=== DESCRIPTION OF THE TASK ===
With the line containing "Stock Image - Close-up" as the start and the line containing "Yoga practitioner performing" as the end, transcribe that span of the entries below exactly, including both.

------------------------------------------------

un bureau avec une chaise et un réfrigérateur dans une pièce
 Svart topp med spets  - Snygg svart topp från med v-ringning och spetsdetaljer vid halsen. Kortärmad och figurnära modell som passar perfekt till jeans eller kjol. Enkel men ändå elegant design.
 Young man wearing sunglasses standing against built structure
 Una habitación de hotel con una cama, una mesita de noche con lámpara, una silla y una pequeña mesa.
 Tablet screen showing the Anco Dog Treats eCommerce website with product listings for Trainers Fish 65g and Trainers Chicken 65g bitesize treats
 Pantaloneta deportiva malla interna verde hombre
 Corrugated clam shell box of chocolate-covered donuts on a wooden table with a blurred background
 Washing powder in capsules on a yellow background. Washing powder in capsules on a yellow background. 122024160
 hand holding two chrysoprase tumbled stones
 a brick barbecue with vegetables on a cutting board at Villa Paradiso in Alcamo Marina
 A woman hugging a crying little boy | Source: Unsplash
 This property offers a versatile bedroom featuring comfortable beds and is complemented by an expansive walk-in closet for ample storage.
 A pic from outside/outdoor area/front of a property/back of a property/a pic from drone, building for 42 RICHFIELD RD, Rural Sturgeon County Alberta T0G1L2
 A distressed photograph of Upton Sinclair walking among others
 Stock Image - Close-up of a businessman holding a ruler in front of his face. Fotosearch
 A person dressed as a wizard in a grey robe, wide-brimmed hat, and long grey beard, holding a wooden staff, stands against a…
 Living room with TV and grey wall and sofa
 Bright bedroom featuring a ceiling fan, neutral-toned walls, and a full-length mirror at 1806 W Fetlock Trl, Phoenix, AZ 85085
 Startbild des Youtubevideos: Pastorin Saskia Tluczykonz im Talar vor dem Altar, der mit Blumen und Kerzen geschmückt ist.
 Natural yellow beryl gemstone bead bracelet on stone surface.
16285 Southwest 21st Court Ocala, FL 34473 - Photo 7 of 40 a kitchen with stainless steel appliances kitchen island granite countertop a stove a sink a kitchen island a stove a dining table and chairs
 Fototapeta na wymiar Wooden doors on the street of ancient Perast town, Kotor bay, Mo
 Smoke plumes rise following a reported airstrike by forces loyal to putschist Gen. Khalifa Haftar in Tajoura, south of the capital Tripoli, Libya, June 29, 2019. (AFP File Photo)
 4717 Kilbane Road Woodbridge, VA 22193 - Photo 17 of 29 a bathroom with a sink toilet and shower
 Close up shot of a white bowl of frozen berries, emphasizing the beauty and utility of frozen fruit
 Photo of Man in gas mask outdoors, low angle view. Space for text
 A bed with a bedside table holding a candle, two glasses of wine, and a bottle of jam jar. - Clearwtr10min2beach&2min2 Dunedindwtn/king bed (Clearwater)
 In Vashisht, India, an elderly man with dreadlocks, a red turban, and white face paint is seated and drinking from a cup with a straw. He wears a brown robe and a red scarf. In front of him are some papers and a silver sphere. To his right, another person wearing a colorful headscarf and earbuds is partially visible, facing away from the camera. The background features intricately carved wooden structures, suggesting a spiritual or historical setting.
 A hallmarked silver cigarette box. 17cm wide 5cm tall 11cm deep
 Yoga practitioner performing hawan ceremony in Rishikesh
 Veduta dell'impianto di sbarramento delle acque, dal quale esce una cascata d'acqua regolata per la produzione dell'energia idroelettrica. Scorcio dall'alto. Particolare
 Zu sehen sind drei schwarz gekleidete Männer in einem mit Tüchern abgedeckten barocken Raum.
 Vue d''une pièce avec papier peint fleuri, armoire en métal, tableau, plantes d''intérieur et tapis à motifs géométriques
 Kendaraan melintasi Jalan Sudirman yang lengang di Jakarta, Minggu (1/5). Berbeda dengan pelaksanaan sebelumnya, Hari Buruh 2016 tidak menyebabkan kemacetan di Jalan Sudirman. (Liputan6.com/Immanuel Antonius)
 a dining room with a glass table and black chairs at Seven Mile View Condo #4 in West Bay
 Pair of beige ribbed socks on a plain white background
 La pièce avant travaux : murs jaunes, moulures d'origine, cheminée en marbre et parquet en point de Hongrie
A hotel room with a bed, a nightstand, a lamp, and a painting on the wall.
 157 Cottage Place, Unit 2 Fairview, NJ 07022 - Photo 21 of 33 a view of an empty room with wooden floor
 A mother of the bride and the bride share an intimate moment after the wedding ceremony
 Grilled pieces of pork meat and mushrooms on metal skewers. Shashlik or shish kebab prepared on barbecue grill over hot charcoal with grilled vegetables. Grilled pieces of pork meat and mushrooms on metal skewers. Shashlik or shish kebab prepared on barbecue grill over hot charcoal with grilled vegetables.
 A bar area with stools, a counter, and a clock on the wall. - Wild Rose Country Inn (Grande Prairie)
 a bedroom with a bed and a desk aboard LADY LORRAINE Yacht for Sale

------------------------------------------------

=== ANSWER BOX ===
 Stock Image - Close-up of a businessman holding a ruler in front of his face. Fotosearch
 A person dressed as a wizard in a grey robe, wide-brimmed hat, and long grey beard, holding a wooden staff, stands against a…
 Living room with TV and grey wall and sofa
 Bright bedroom featuring a ceiling fan, neutral-toned walls, and a full-length mirror at 1806 W Fetlock Trl, Phoenix, AZ 85085
 Startbild des Youtubevideos: Pastorin Saskia Tluczykonz im Talar vor dem Altar, der mit Blumen und Kerzen geschmückt ist.
 Natural yellow beryl gemstone bead bracelet on stone surface.
16285 Southwest 21st Court Ocala, FL 34473 - Photo 7 of 40 a kitchen with stainless steel appliances kitchen island granite countertop a stove a sink a kitchen island a stove a dining table and chairs
 Fototapeta na wymiar Wooden doors on the street of ancient Perast town, Kotor bay, Mo
 Smoke plumes rise following a reported airstrike by forces loyal to putschist Gen. Khalifa Haftar in Tajoura, south of the capital Tripoli, Libya, June 29, 2019. (AFP File Photo)
 4717 Kilbane Road Woodbridge, VA 22193 - Photo 17 of 29 a bathroom with a sink toilet and shower
 Close up shot of a white bowl of frozen berries, emphasizing the beauty and utility of frozen fruit
 Photo of Man in gas mask outdoors, low angle view. Space for text
 A bed with a bedside table holding a candle, two glasses of wine, and a bottle of jam jar. - Clearwtr10min2beach&2min2 Dunedindwtn/king bed (Clearwater)
 In Vashisht, India, an elderly man with dreadlocks, a red turban, and white face paint is seated and drinking from a cup with a straw. He wears a brown robe and a red scarf. In front of him are some papers and a silver sphere. To his right, another person wearing a colorful headscarf and earbuds is partially visible, facing away from the camera. The background features intricately carved wooden structures, suggesting a spiritual or historical setting.
 A hallmarked silver cigarette box. 17cm wide 5cm tall 11cm deep
 Yoga practitioner performing hawan ceremony in Rishikesh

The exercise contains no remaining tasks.